Ce plan, qui comprend la création d'un nouveau Fonds européen pour les investissements stratégiques (EFSI), garanti par des fonds publics, vise à mobiliser au moins 315 milliards d'euros (environ 393 milliards de dollars) d'investissements supplémentaires au cours des trois prochaines années.
L'objectif du Fonds est d'investir dans les infrastructures, notamment les réseaux de haut-débit et d'énergie, ainsi que des infrastructures de transport dans les centres industriels; l'éducation, la recherche et l'innovation; et les énergies renouvelables.

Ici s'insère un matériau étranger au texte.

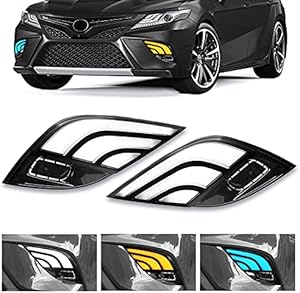 COMZY Fog Lights Led Turn Signal For Toyota Camry SE XSE TRD Trims 2018 2019 2020, 3 Color White Yellow Blue, Day Running Lights Front Fog Lamps Kit With Cables - 1 Pair (black-2)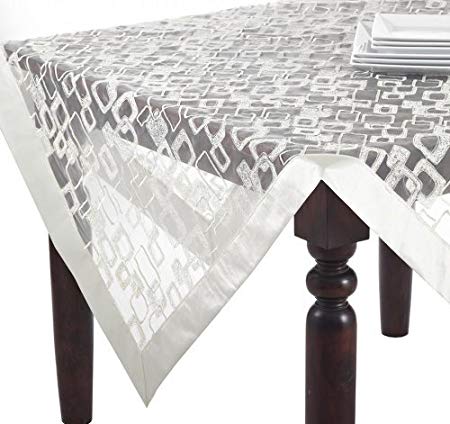 Fennco Styles Mondrian Embroidered Geometric Design Tablecloth (60"X60", Vanilla)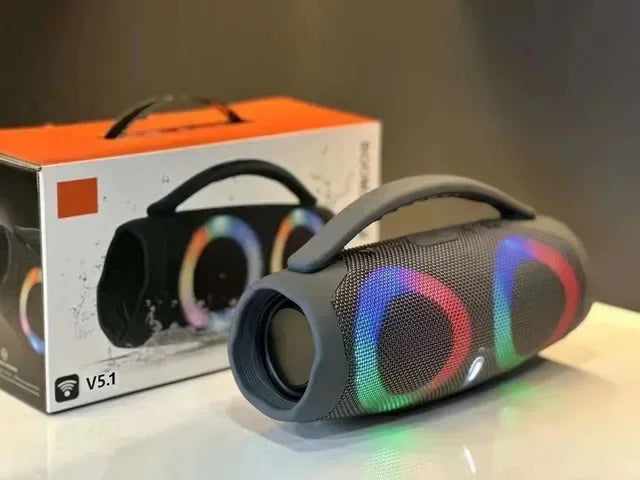 30W high power bluetooth speaker portable RGB colorful light waterproof wireless subwoofer 360 stereo surround TWS FM boombox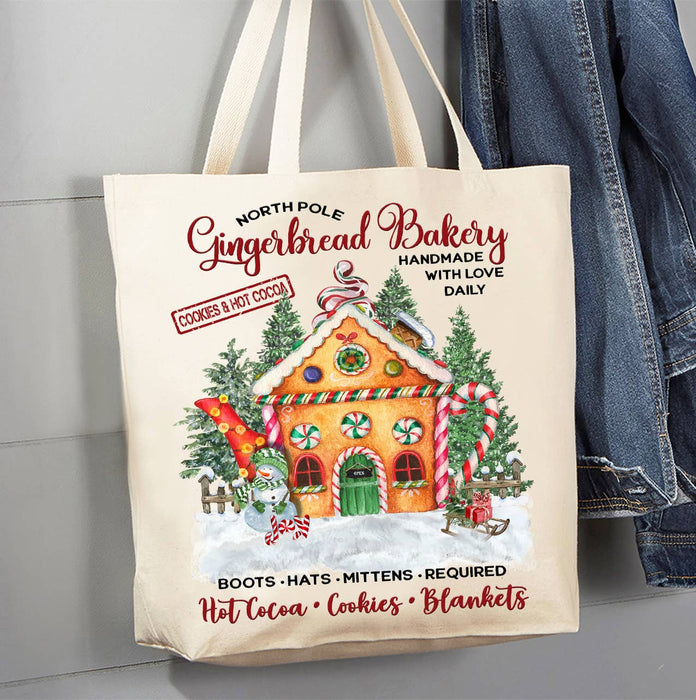 Christmas Gingerbread  House Bakery  Canvas Tote Bag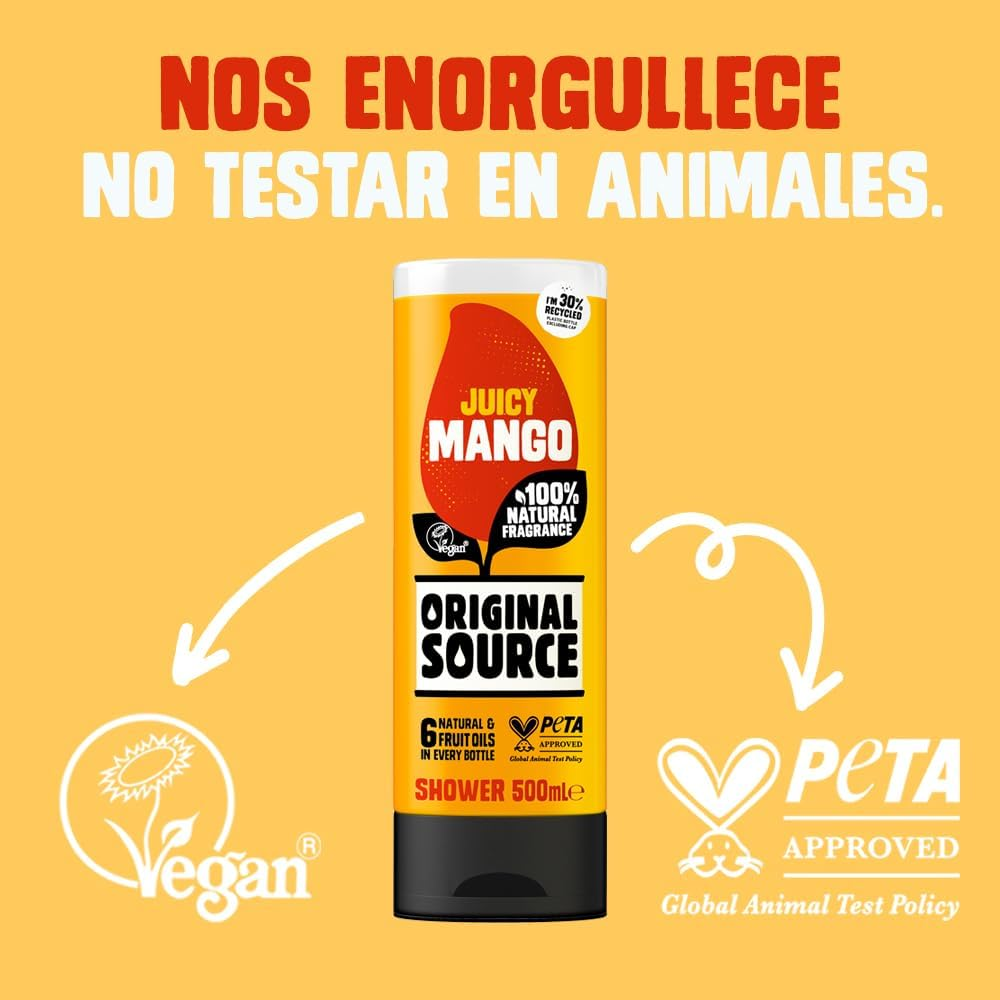 Original Source Mango Shower Gel, 100 Percent Natural Fragrance, Vegan, Cruelty Free, Paraben Free, Bulk Buy, Pack of 6 X 500 Ml image number 2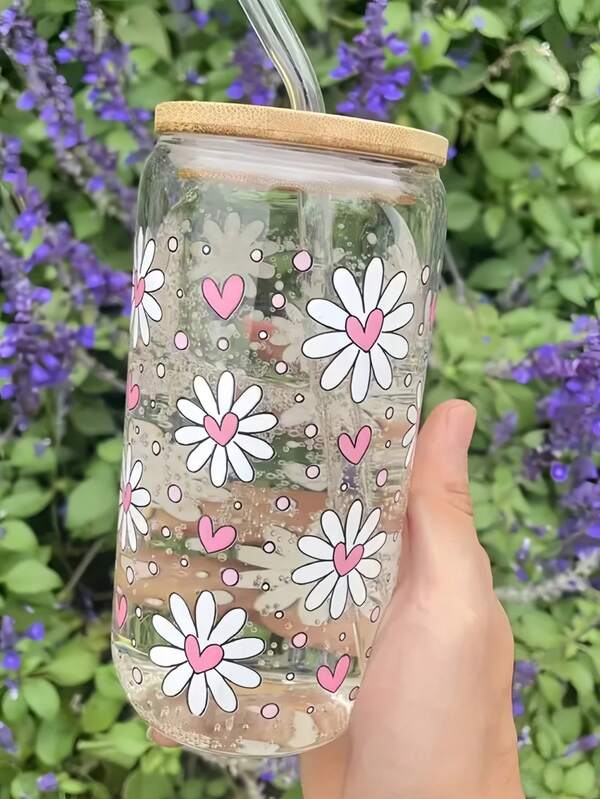 كوب قش القهوة مزين بشكل قلب وزهرة البابونج، كوب قش الماتشا، أدوات شرب القهوة، زجاجة مياه بسعة كبيرة مع قش - أفضل خيار هدية للأصدقاء!
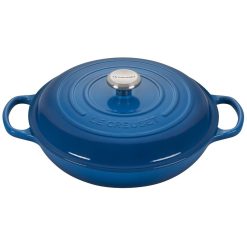 Le Creuset 3.5 Qt. Signature Enameled Cast Iron Braiser With Stainless Steel Knob | Marseille Blue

En présentant ce plan au PE à Strasbourg, M. Juncker a déclaré : "Si l'Europe investit plus, l'Europe sera plus prospère et créera plus d'emplois, c'est aussi simple que cela."
Cependant, le succès du plan dépend de ce que les économistes appellent "l'effet multiplicateur". La CE prétend que chaque euro des fonds publics va générer 15 euros en investissement total. Sur la base de cette logique, 21 milliards d'euros de fonds publics pourraient générer 315 milliards d'euros d'investissement total.

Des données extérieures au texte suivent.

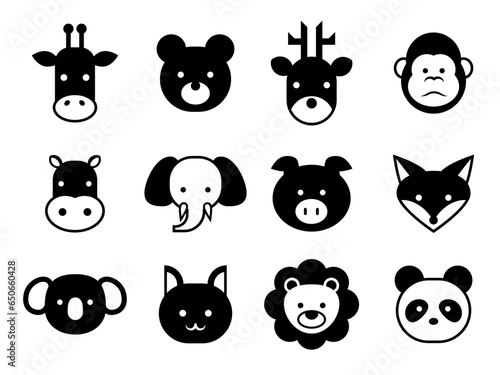 シンプルな動物の顔のアイコン　セット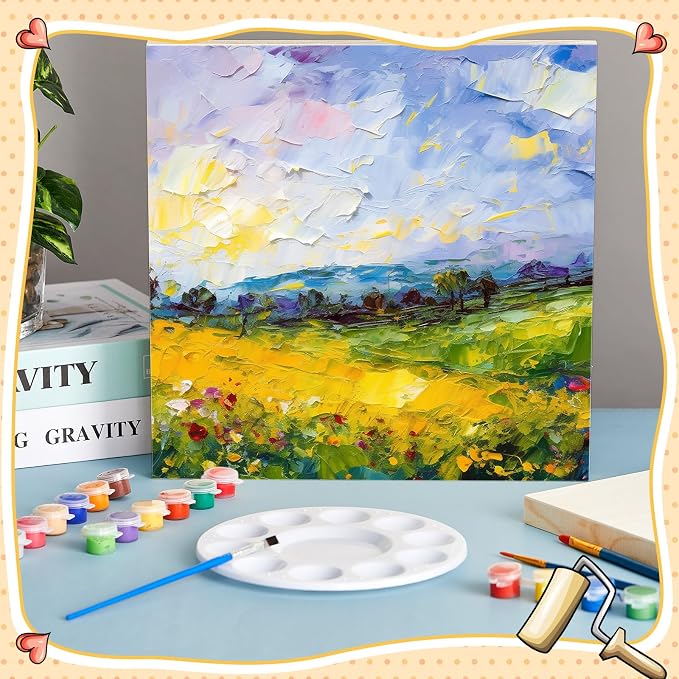 Barydat 1 Pack Wood Canvas Board 8 x 8 Inch Unfinished Wood Canvas Wooden Panel - Image 4
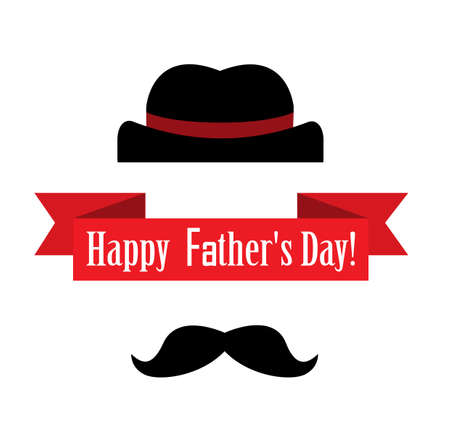 Black hat, mustache and red ribbon with congratulations on Father's Dayのイラスト素材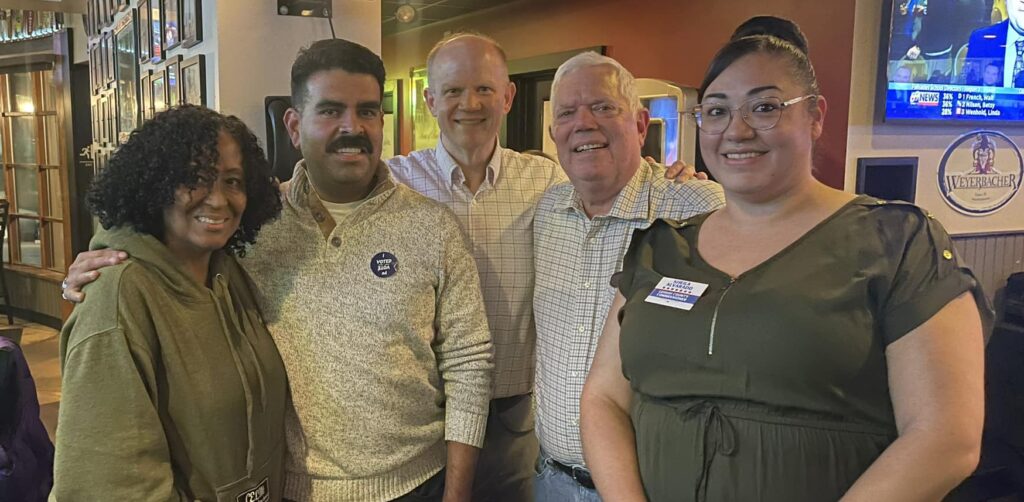 Joining April Riddick, Jon Irons, Dan Hartzell and Sheila Alvarado on the night of their election in 2023.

Les principaux groupes politiques au sein du PE ont largement soutenu le plan. Sans surprise, le Parti populaire européen (PPE, centre-droit) de M. Juncker était fortement en faveur. Son président Manfred Weber a déclaré : "Ce dont nous avons besoin, c'est l'optimisme et la volonté de changement. Ce que nous ne pouvons pas faire, c'est de continuer à appliquer les solutions du passé, nous devons éviter de contracter plus de dette, parce que ce n'est tout simplement pas viable. C'est pourquoi la mobilisation du capital privé et la dépense de l'argent de façon plus intelligente pour financer des projets innovants sont la bonne voie."
Gianni Pittella, président des Socialistes et Démocrates (S&D), a également salué le changement de stratégie "du dogme de l'austérité aveugle de l'ère Barroso".
Les S&D se sont battus pour que les contributions des Etats membres au Fonds soient déduites du calcul de leurs déficits et dettes nationales, et ont gagné. Le fait que le collège des commissaires de M.Juncker a accepté cet argument est une victoire importante pour le centre-gauche.
Cependant, le groupe des Conservateurs et réformistes européens (ECR) a été plus prudent. Même si le programme d'investissement est nécessaire pour libérer l'investissement privé, il ne serait pas un substitut pour les réformes économiques qui encourageraient encore plus d'investissements dans l'économie de l'Europe, a déclaré le président du parti Syed Kamall.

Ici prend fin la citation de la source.